Cherreads

Chapter 26 - A Message That Shouldn’t Exist

Ethan didn't sleep.

Not because of the losses — losses were part of trading.

What bothered him was precision.

The trades that failed were not random.

They were intercepted.

And whoever was doing it had timing that bordered on impossible.

At 2:14 AM, the only light in Ethan's apartment came from six monitors glowing across his desk. Charts moved silently. Algorithms processed incoming data. The AI model ran simulations in the background.

Ethan leaned forward, replaying another trade.

His system had opened a short position on NASDAQ futures.

Entry time: 09:42:18.031

Three seconds later, a block order appeared — perfectly sized to absorb momentum and reverse price direction.

The result?

Stop-loss hit.

Ethan slowed the data down to tick-level playback.

Again.

Pause.

Rewind.

Again.

Each time the same pattern appeared.

His system entered…

Then the counter-order arrived.

Not a moment early.

Not a moment late.

Exactly when the trade opened.

He leaned back in his chair.

"No one can see my entries that fast."

His algorithm executed through a private broker API with randomized order fragmentation. To the market, his trade shouldn't look like a signal — it looked like scattered liquidity.

Unless…

Someone wasn't watching the market.

Someone was watching him.

Ethan shook his head.

Impossible.

His system was offline except for market feeds.

No external connections.

No remote access.

No cloud.

Nothing.

Still, the pattern continued.

At 3:07 AM, Ethan decided to test something.

He modified the algorithm.

Instead of placing real trades, the system would generate ghost entries — signals that looked identical to real trades but never actually executed.

If someone was watching his behavior…

they might react.

He activated the test.

Five minutes later, the first signal appeared.

A long on crude oil futures.

The system logged the ghost entry.

No order was sent to the market.

Ethan waited.

Five seconds passed.

Nothing.

Ten seconds.

Still nothing.

He nodded slowly.

"Good," he whispered.

Then something strange happened.

On another screen, a terminal window flickered.

Just once.

Then went still.

Ethan frowned.

He hadn't touched the keyboard.

He leaned closer.

The terminal was blank — except for a single blinking cursor.

Then the text appeared.

One letter at a time.

You're testing me.

Ethan froze.

His heart thumped once, hard.

He hadn't opened a chat program.

This terminal was part of his local analytics environment.

Offline.

Completely isolated.

Yet the message sat there.

Plain text.

Calm.

Patient.

He typed slowly.

Who is this?

For ten seconds, nothing happened.

Then the response appeared.

Someone who noticed you first.

Ethan's fingers hovered above the keyboard.

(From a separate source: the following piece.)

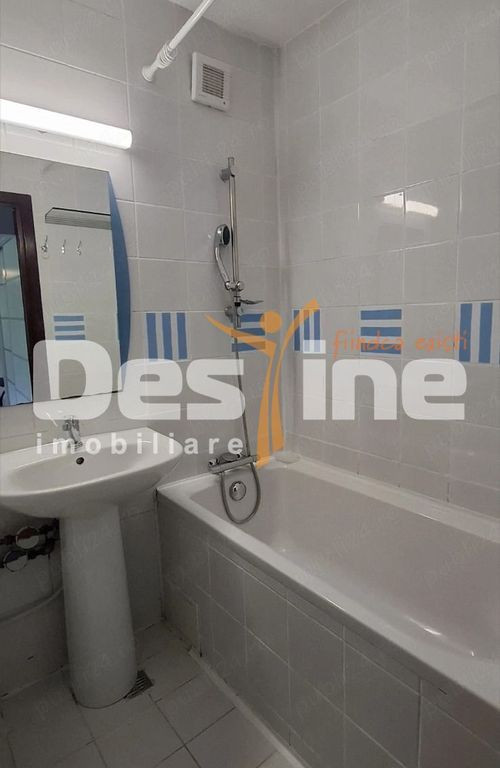 APARTAMENT 3 CAMERE SEMIDECOMANDAT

A hundred possibilities raced through his mind.

Malware.

Network breach.

Broker infiltration.

But none of those explained this.

His system wasn't connected to the internet except through the market data feed.

And that feed was read-only.

No inbound messages.

No communication channel.

Yet here it was.

Talking.

He typed again.

How are you inside my system?

The response came faster this time.

I'm not.

I'm inside the same data you are.

Ethan frowned.

That made no sense.

He pulled up the network monitor.

Nothing unusual.

No unauthorized connections.

No active ports.

Nothing transmitting data besides price feeds.

Yet the terminal blinked again.

You're looking in the wrong place.

Ethan's pulse quickened.

He typed again.

Explain.

The cursor blinked.

For nearly a minute.

Then the message arrived.

Your AI reads patterns in the market.

Mine reads patterns in traders.

Ethan stared at the words.

Traders.

Not price.

Not indicators.

People.

Another message appeared.

Your entries are beautiful, by the way.

Elegant timing.

Ethan felt an odd mix of irritation and curiosity.

He typed:

You're the one taking the other side of my trades.

The reply came instantly.

Sometimes.

Ethan leaned back.

"So you admit it."

Of course.

Competition makes the game interesting.

Ethan's eyes scanned the logs again.

If this person really predicted his trades…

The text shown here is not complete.